Data for this task —
━━━
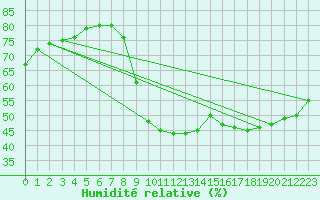 Courbe de l'humidit relative pour Valleraugue - Pont Neuf (30)
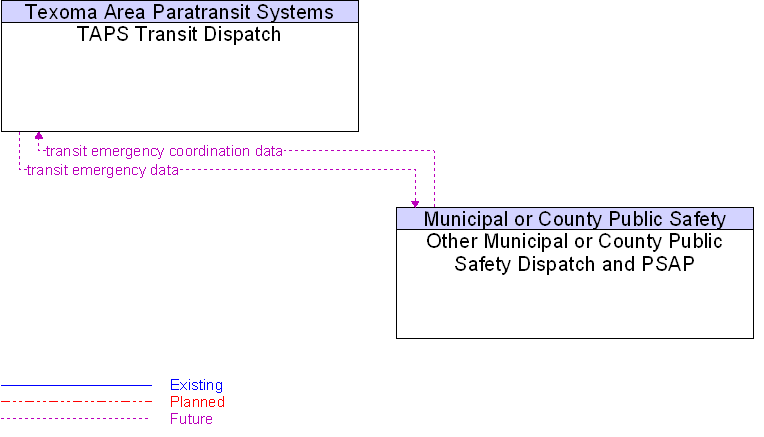Other Municipal or County Public Safety Dispatch and PSAP to TAPS Transit Dispatch Interface Diagram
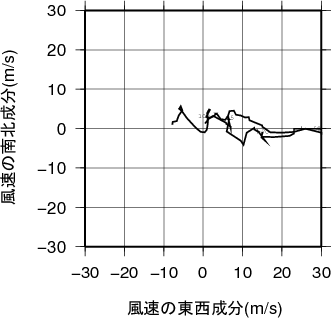 ホドグラフ画像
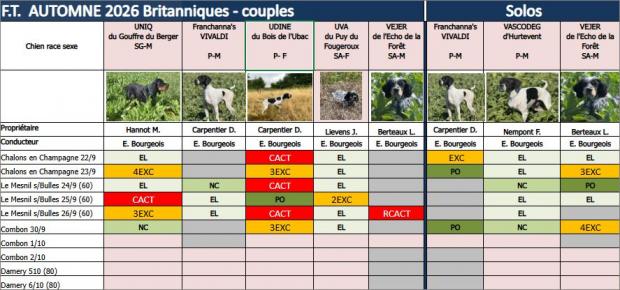 Combon J1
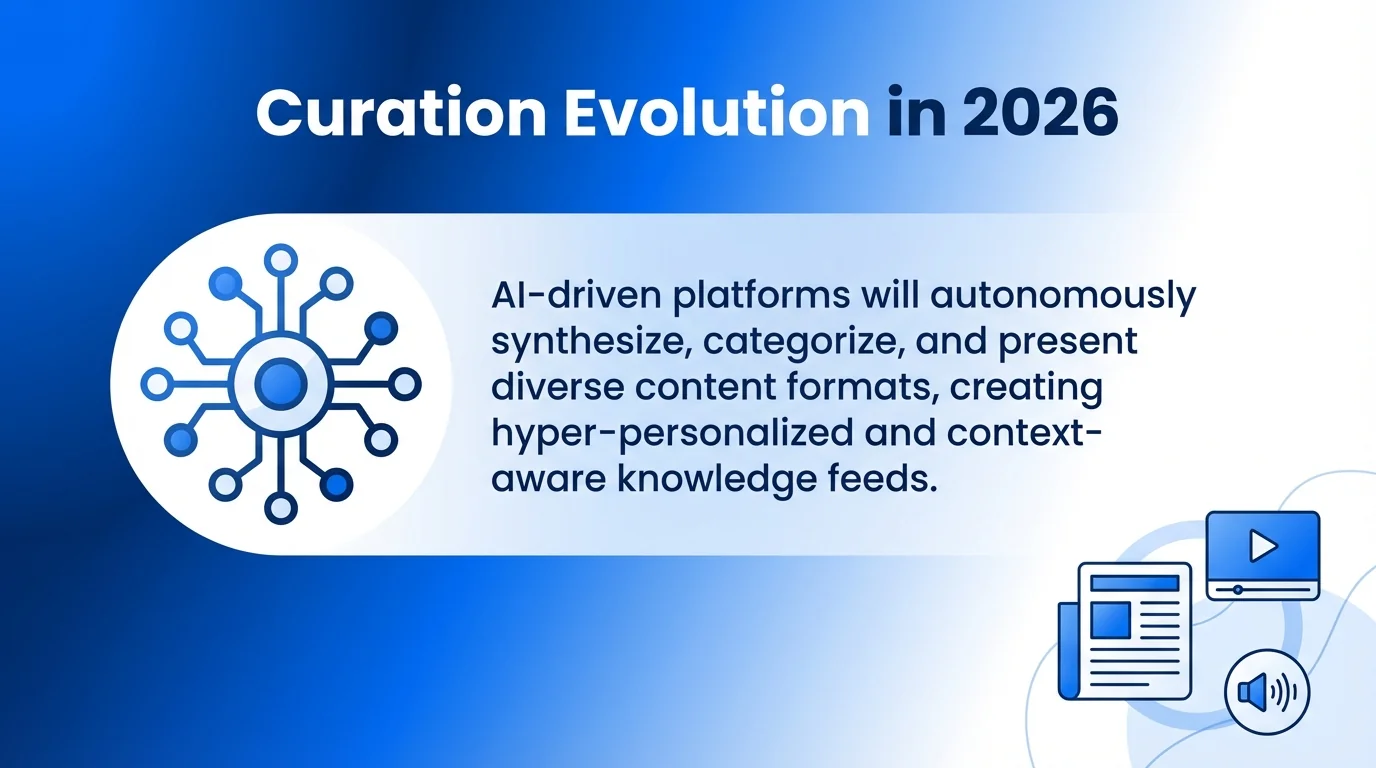 Curation Evolution in 2026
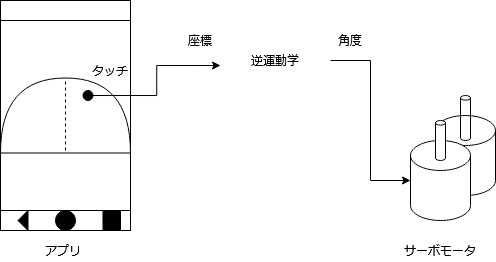 f:id:detamamoru:20200928174311j:plain f:id:detamamoru:20200928174311j:plain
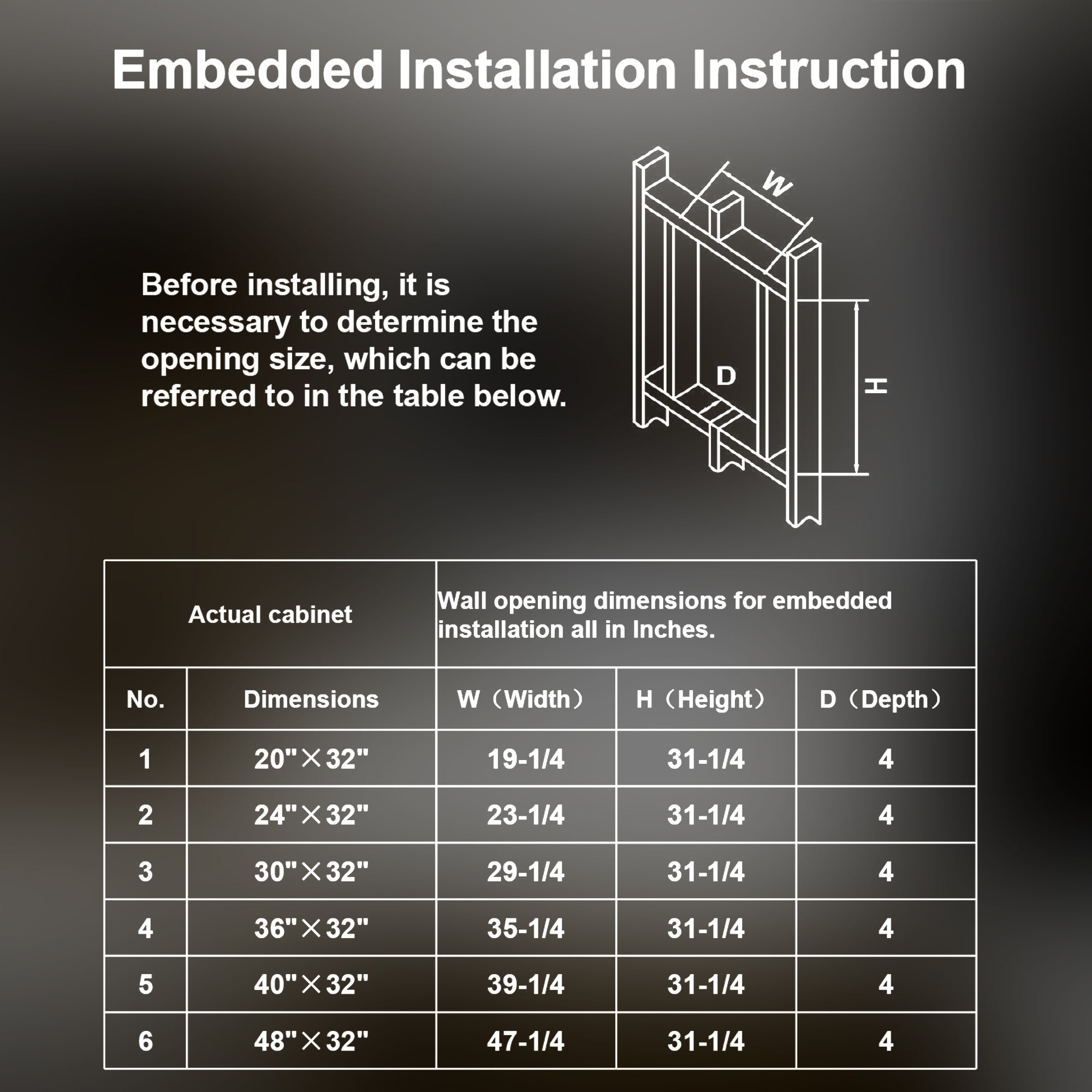 20 in. x 32 in. Recessed/Surface Mount Left LED Medicine Cabinet with 5X Magnifier Mirror, Aluminum Frame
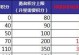 《王者模拟战》S0赛季段位分机制详解（了解积分规则，轻松晋级荣耀段位）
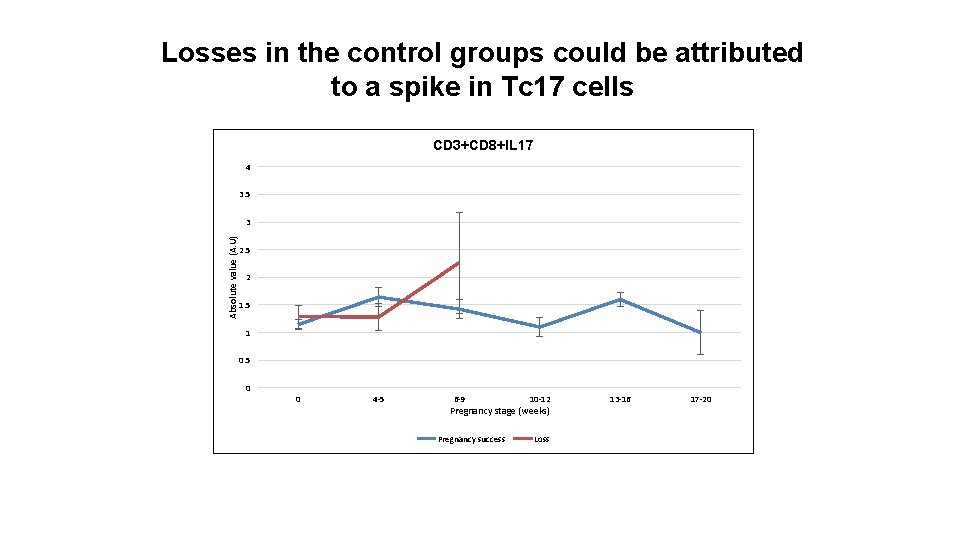 Losses in the control groups could be attributed to a spike in Tc 17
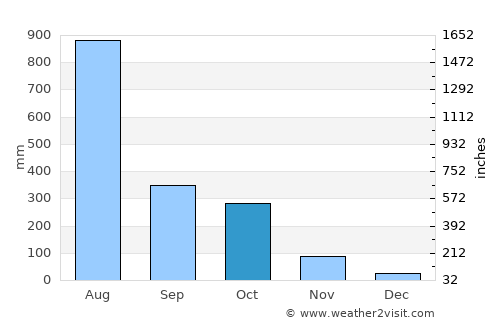 Sulya average rain in October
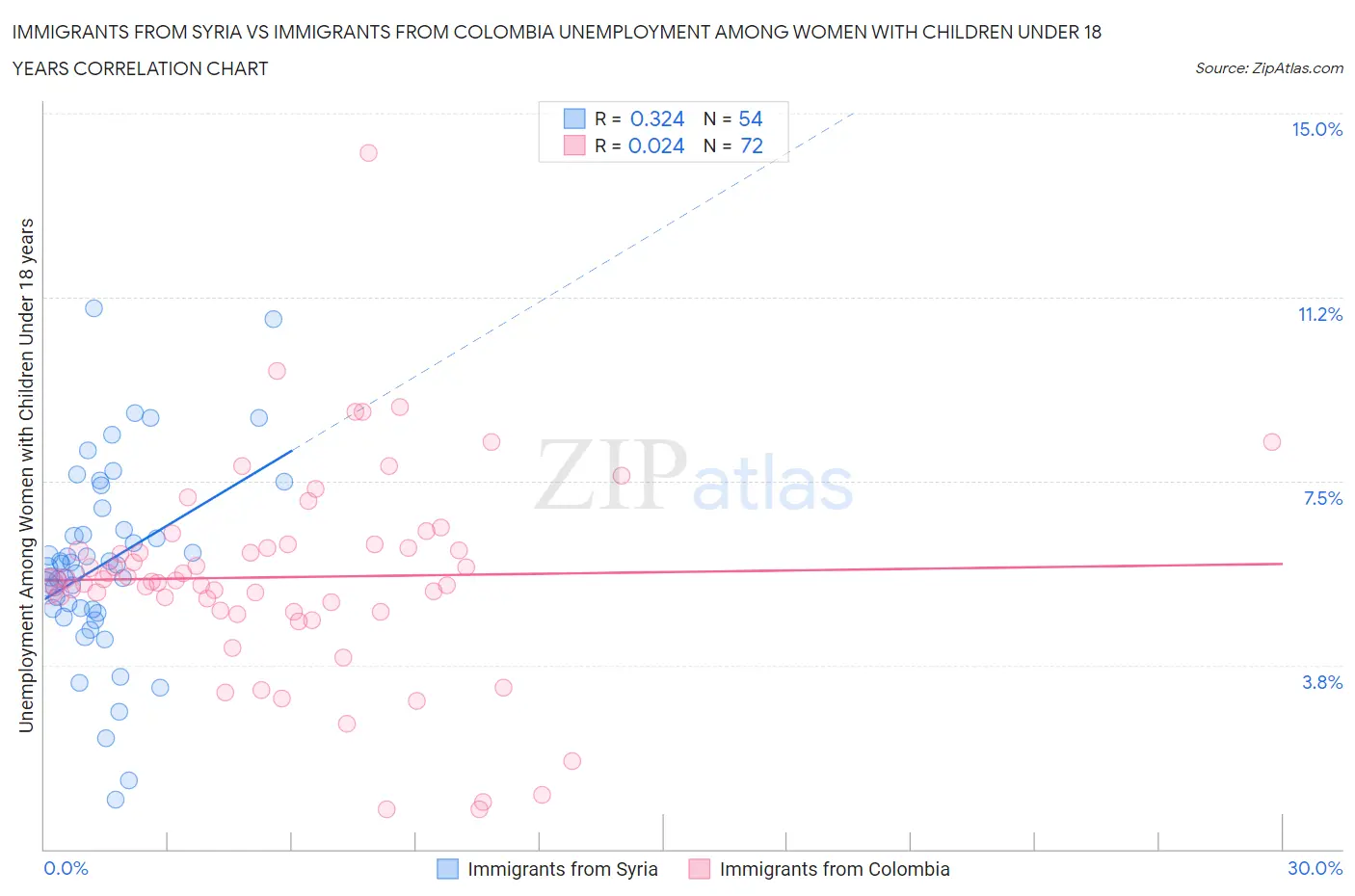 Immigrants from Syria vs Immigrants from Colombia Unemployment Among Women with Children Under 18 years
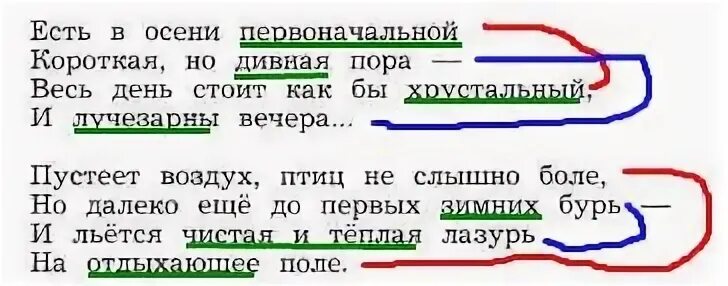 Есть 8 первоначальных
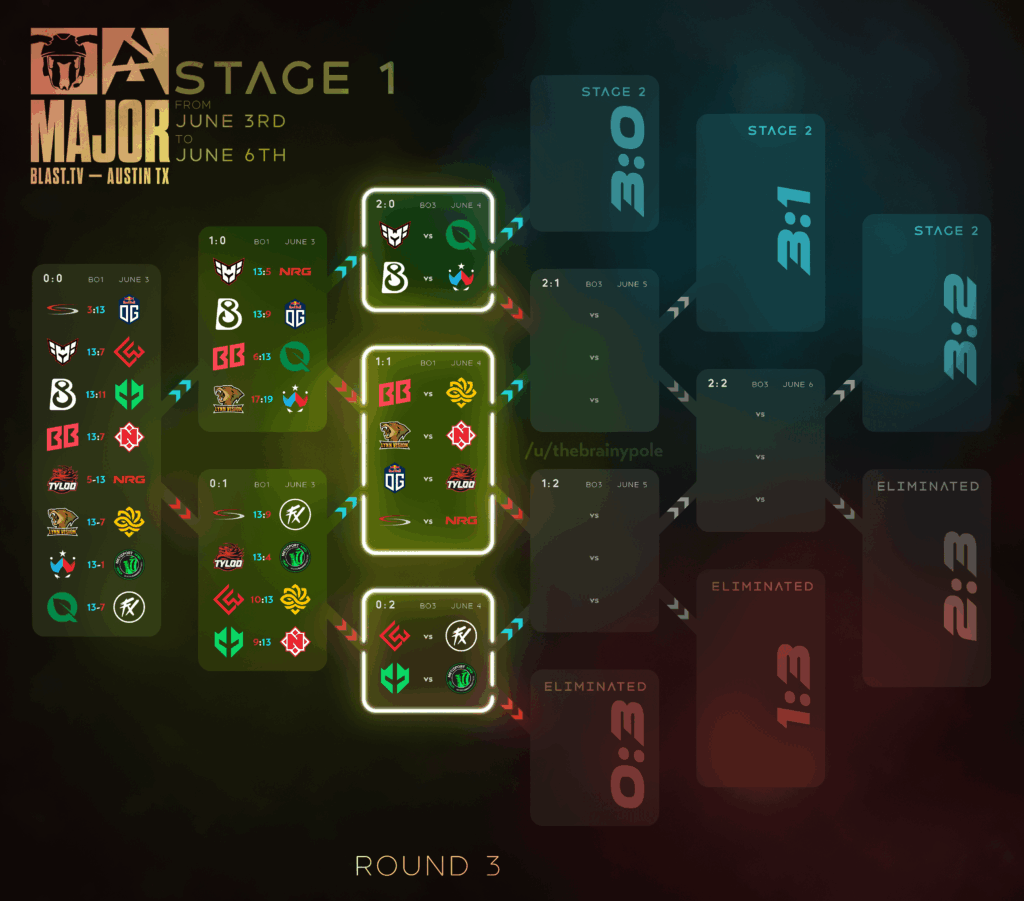 Blast Austin Major - Stage 1 swiss (Round 3)
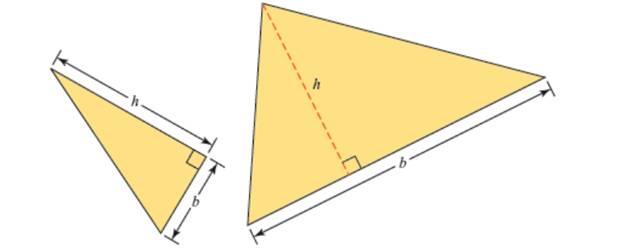 Chapter 12.3, Problem 4P, Explain clearly in your own words why the triangles in Figure 12.32 have area 12 (b. h) for the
━━━
Give back each of the records above word for word, apart from the pictures.

 Courbe de l'humidit relative pour Valleraugue - Pont Neuf (30)
Other Municipal or County Public Safety Dispatch and PSAP to TAPS Transit Dispatch Interface Diagram
 ホドグラフ画像
 Combon J1
 Curation Evolution in 2026
 f:id:detamamoru:20200928174311j:plain f:id:detamamoru:20200928174311j:plain
 20 in. x 32 in. Recessed/Surface Mount Left LED Medicine Cabinet with 5X Magnifier Mirror, Aluminum Frame
 《王者模拟战》S0赛季段位分机制详解（了解积分规则，轻松晋级荣耀段位）
 Losses in the control groups could be attributed to a spike in Tc 17
 Sulya average rain in October
 Immigrants from Syria vs Immigrants from Colombia Unemployment Among Women with Children Under 18 years
 Есть 8 первоначальных
 Blast Austin Major - Stage 1 swiss (Round 3)
 Chapter 12.3, Problem 4P, Explain clearly in your own words why the triangles in Figure 12.32 have area 12 (b. h) for the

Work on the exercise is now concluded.